L’Autre Fille
Yvetot, un dimanche d’août 1950. Annie a dix ans, elle joue dehors, au soleil, sur le chemin caillouteux de la rue de l’École. Sa mère sort de l’épicerie pour discuter avec une cliente, à quelques mètres d’elle. La conversation des deux femmes est parfaitement audible et les bribes d’une confidence inouïe se gravent à jamais dans la mémoire d’Annie. Avant sa naissance, ses parents avaient eu une autre fille. Elle est morte à l’âge de six ans de la diphtérie. Plus jamais Annie n’entendra un mot de la bouche de ses parents sur cette soeur inconnue. Elle ne leur posera jamais non plus une seule question.
Mais même le silence contribue à forger un récit qui donne des contours à cette petite fille morte. Car forcément, elle joue un rôle dans l’identité de l’auteur. Les quelques mots, terribles, prononcés par la mère ; des photographies, une tombe, des objets, des murmures, un livret de famille : ainsi se construit, dans le réel et dans l’imaginaire, la fiction de cette « aînée » pour celle à qui l’on ne dit rien. Reste à savoir si la seconde fille, Annie, est autorisée à devenir ce qu’elle devient par la mort de la première. Le premier trio familial n’a disparu que pour se reformer à l’identique, l’histoire et les enfances se répètent de manière saisissante, mais une distance infranchissable sépare ces deux filles. C’est en évaluant très exactement cette distance que l’auteur trouve le sens du mystère qui lui a été confié un dimanche de ses dix ans.
Annie Ernaux
Depuis Les Armoires vides (1974) jusqu'aux Années (2008), en une quinzaine de livres, Annie Ernaux est devenue l'un de nos meilleurs écrivains. La recherche formelle dont témoignent ses textes, par la voie d'une méthode sans cesse inédite et repensée, a définitivement bouleversé le champ de l'écriture autobiographique. Fille unique d'un couple d'ouvriers devenus commerçants, elle passe son enfance à Yvetot, dans l'épicerie-café que tiennent ses parents, avant de faire ses études à Rouen et de devenir institutrice, puis agrégée de lettres.
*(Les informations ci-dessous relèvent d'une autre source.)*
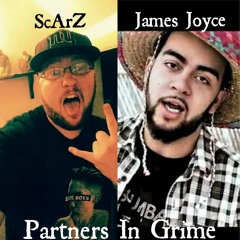 Partners In Grime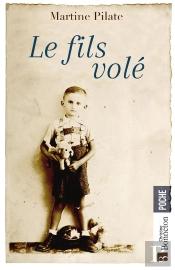 Le Fils Volé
C'est tout particulièrement sa jeunesse en Normandie qui lui fournit le sujet ou le cadre de ses textes (La Place, La Honte, Ce qu'ils disent ou rien, L'Événement, Les Années). À la suite de Nathalie Sarraute (Enfance), Michel Leiris (L'Âge d'homme) ou Georges Perec (W ou le Souvenir d'enfance), elle révèle la trame du récit et la fiction intrinsèques au matériel autobiographique.
Le milieu ouvrier et paysan dont elle est issue l'a souvent conduite à un travail linguistique et culturel qui tient de l'anthropologie, mais la fluidité de son style et les sujets qu'elle aborde (le rapport au père, à la mère, au corps, la passion amoureuse) ne l'ont jamais privée d'un lectorat très large.
Comme tous les grands écrivains, Annie Ernaux a donc réussi à imposer une écriture d'une exigence infaillible sans jamais cesser d'être populaire.